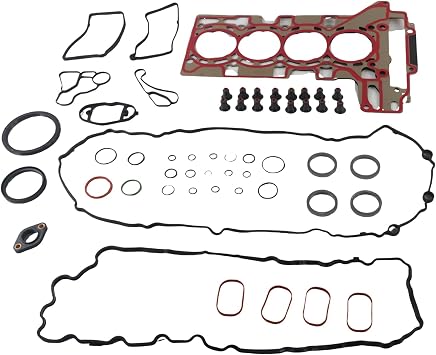 Compatible with N20B20 11128676519 Engine Gasket Kit Cylinder Head Set Fit for 2011-2016 220i 2.0L, for 2014-2016 428i ., Replace OE 11127588418 HS55078 B46008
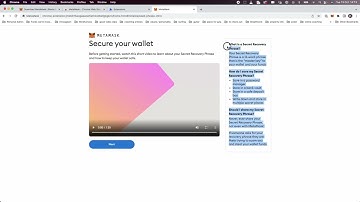 Creating a Metamask Wallet on Chrome
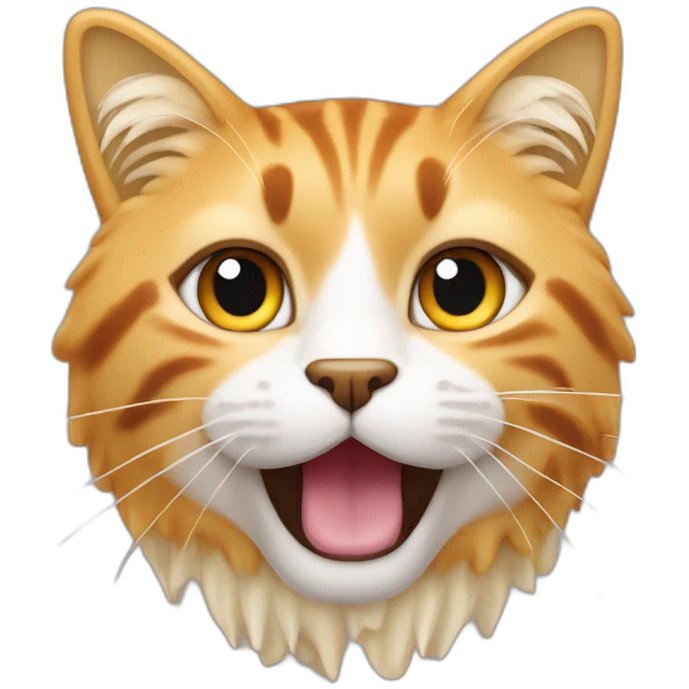 Poutine sur un chat emoji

* WHAT YOU NEED TO DO
All of the material above is to be retyped exactly, with no pictures included.

* SOLVED EXERCISE
 Compatible with N20B20 11128676519 Engine Gasket Kit Cylinder Head Set Fit for 2011-2016 220i 2.0L, for 2014-2016 428i ., Replace OE 11127588418 HS55078 B46008
 Creating a Metamask Wallet on Chrome
 Poutine sur un chat emoji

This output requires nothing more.